---------- Data section

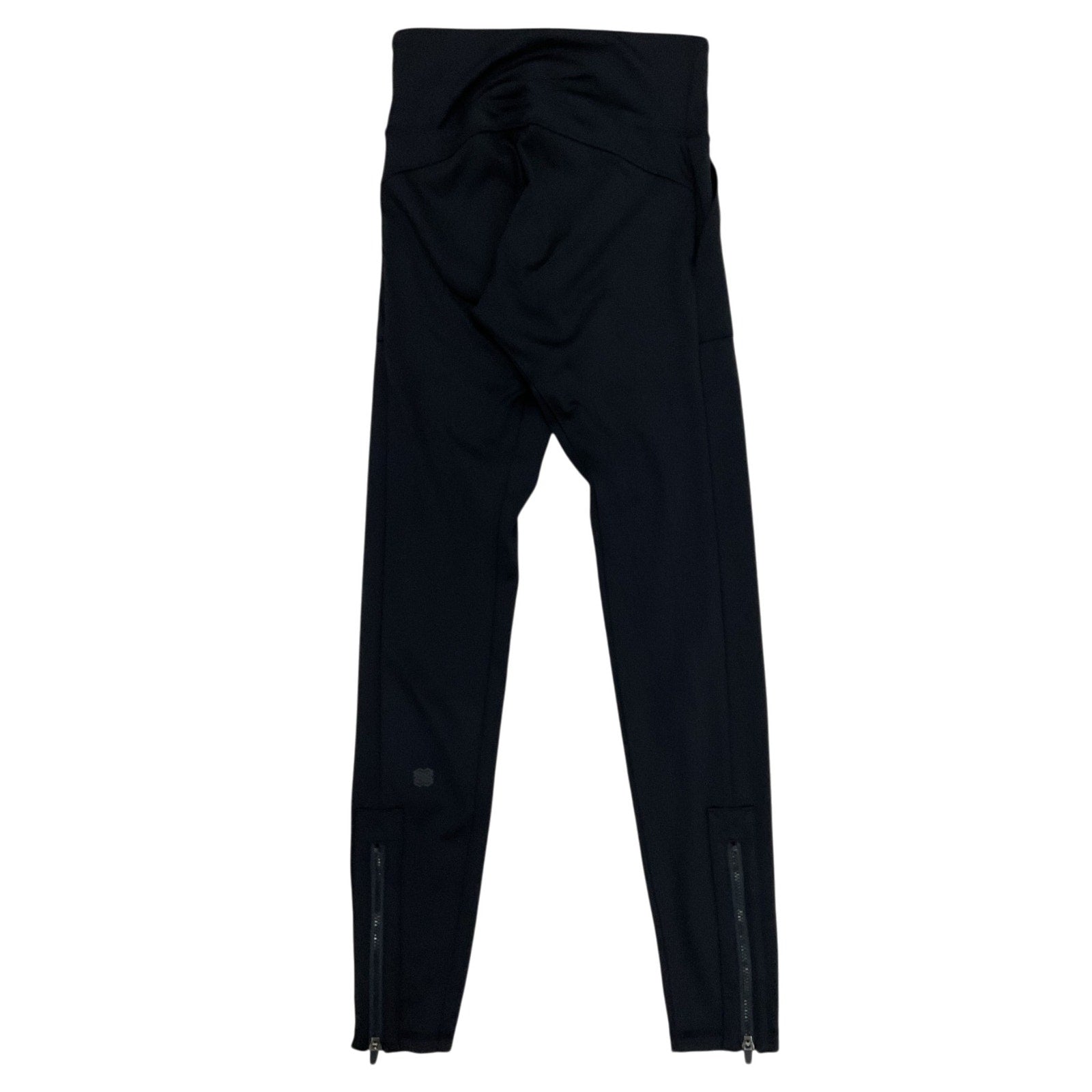 Pans XL (FLX)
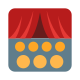 Audiencia icon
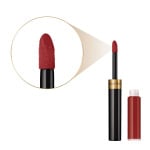 Lippenstift Lipfinity 110 Passionate 2 0St MAX FACTOR - фото 3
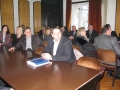 regionalna privredna komora užice nagrađeni4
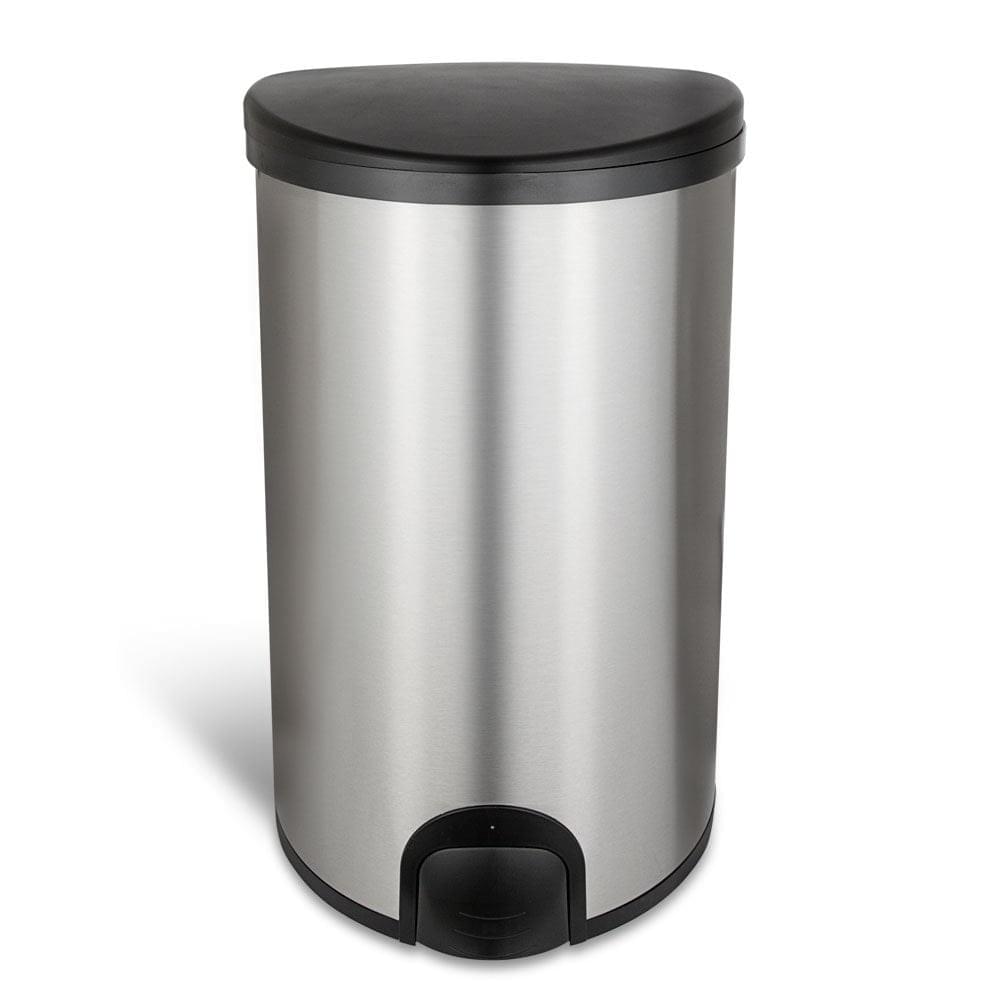 Smart Bin 50L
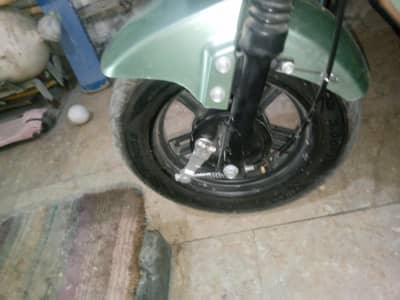 condition 10 10 revoo A11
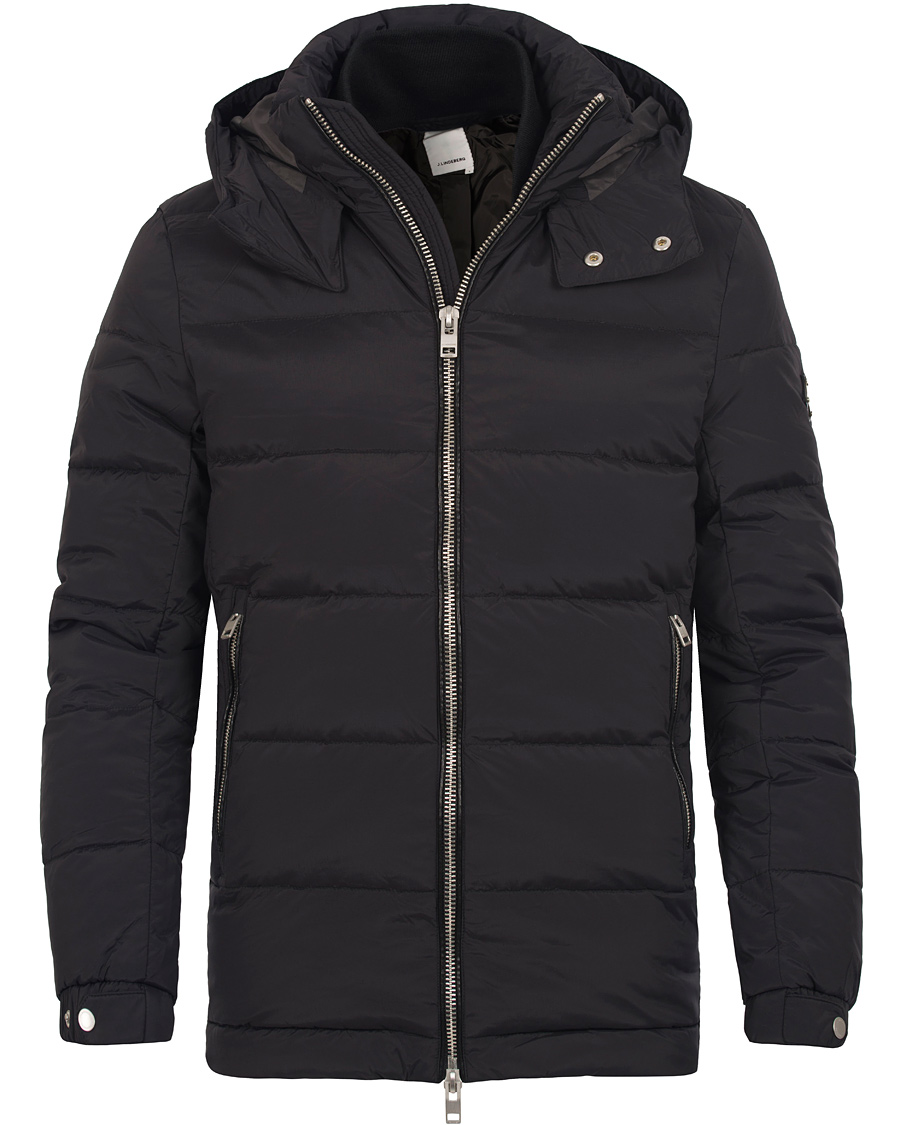 J lindeberg sale barry down jacket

--------------------

• [Work instructions]: Your reply must hold only the lines from the line containing "condition 10 10 revoo A11" through the end of the records above, written out exactly, both ends included, with no pictures, please.

• [Result of the task]:
 condition 10 10 revoo A11
 J lindeberg sale barry down jacket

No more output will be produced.